← Back to team overview

yahoo-eng-team team mailing list archive

[Bug 1687913] [NEW] db retry not triggered when fail happened in after_create notify

 

Public bug reported:

Note: 
- The specific use case can no longer happen on master (due to a couple of commits). So the below is for a < ocata context.
- Bug seen on Newton setup

During high concurrency testing (with router:external networks) the following deadlock may occur
http://paste.openstack.org/show/608690/

Deadlocks are normally 'okay', because the db retry mechanism will retry
the request. But in this specific case it did not.

The issue happens here:
https://github.com/openstack/neutron/blob/master/neutron/plugins/ml2/plugin.py#L769

- It's inside of a transaction
- the external_net_db code does a notify with AFTER_CREATE.
- in the AFTER_CREATE even processing, the deadlock happens 

The problem is that an AFTER_CREATE event will not raise exceptions. It just logs. 
But it IS inside of a transaction, and it did make the session invalid.

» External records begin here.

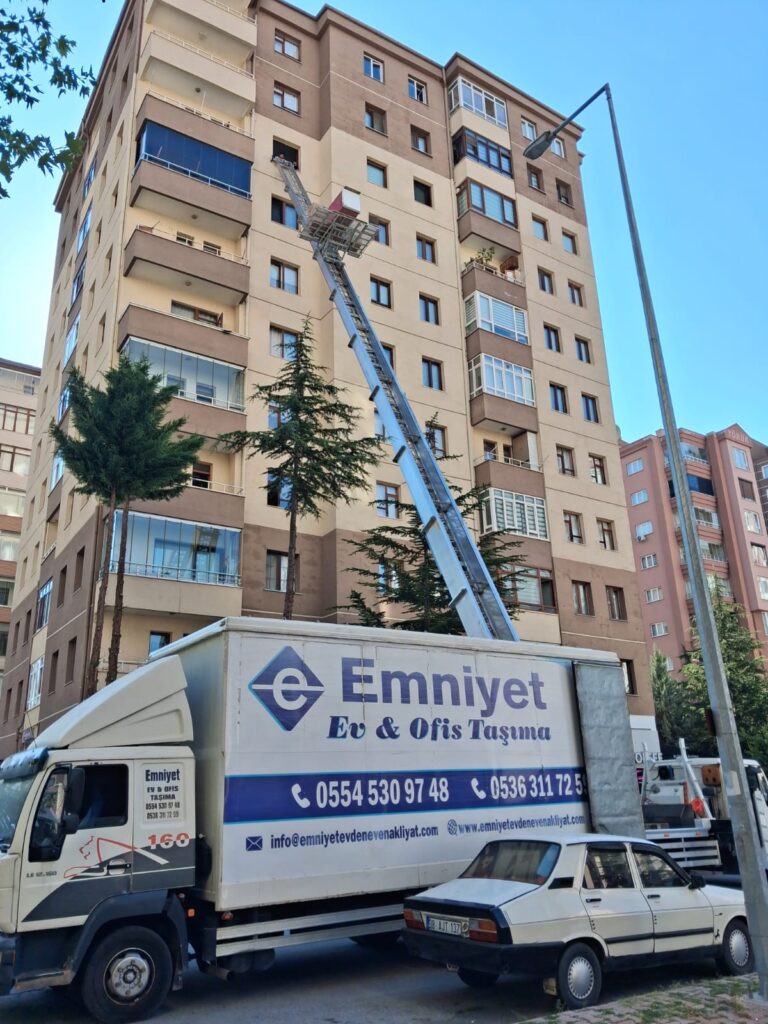 Apartman önündeki Emniyet Nakliyat kamyonu ve taşıma asansörü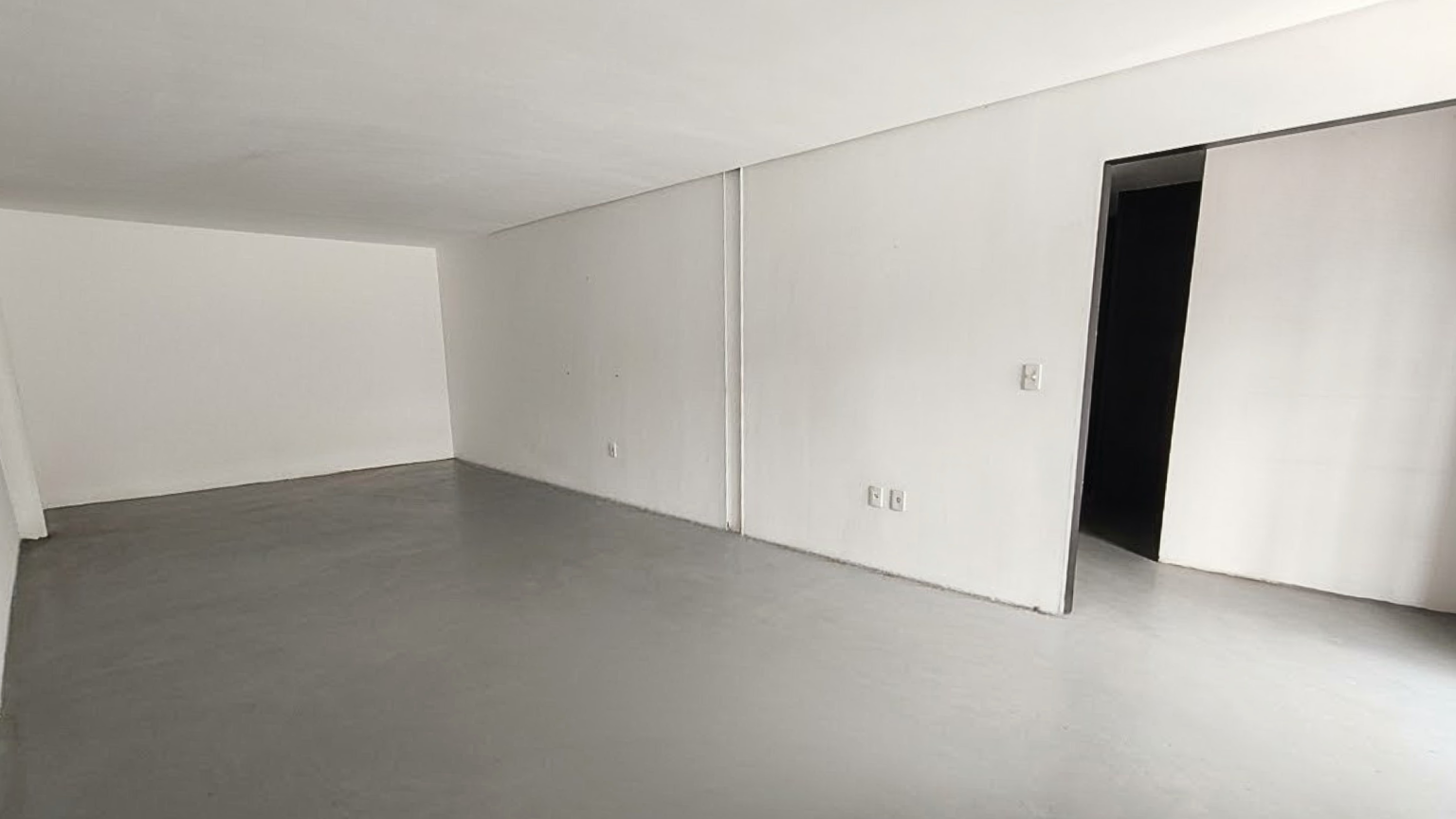High-power warehouse space with office component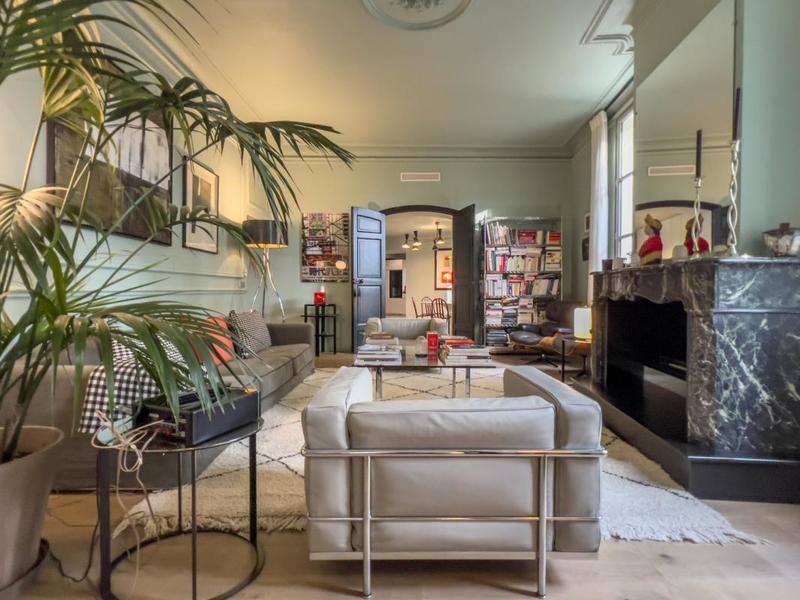 Appartement bourgeois - 231 m² - 10 pièces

So the code continues, it tries to commit the invalid session. And the
resulting exception of this is a

sqlalchemy.exc.InvalidRequestError  - This Session's transaction has
been rolled back due to a previous exception during flush. To begin a
new transaction with this Session, first issue Session.rollback().
Original exception was: ...

Since this exception type is not part of the db_retry exceptions, no
retry happens and the request fails.


While this use case is a very specific one. Maybe some action is needed to avoid something like this happening in other places. Because any database error which occurs inside of an event notify which is not BEFORE_x or PRECOMMIT will have this behaviour: corrupt the session object, nothing raises, and the following error is not retriable.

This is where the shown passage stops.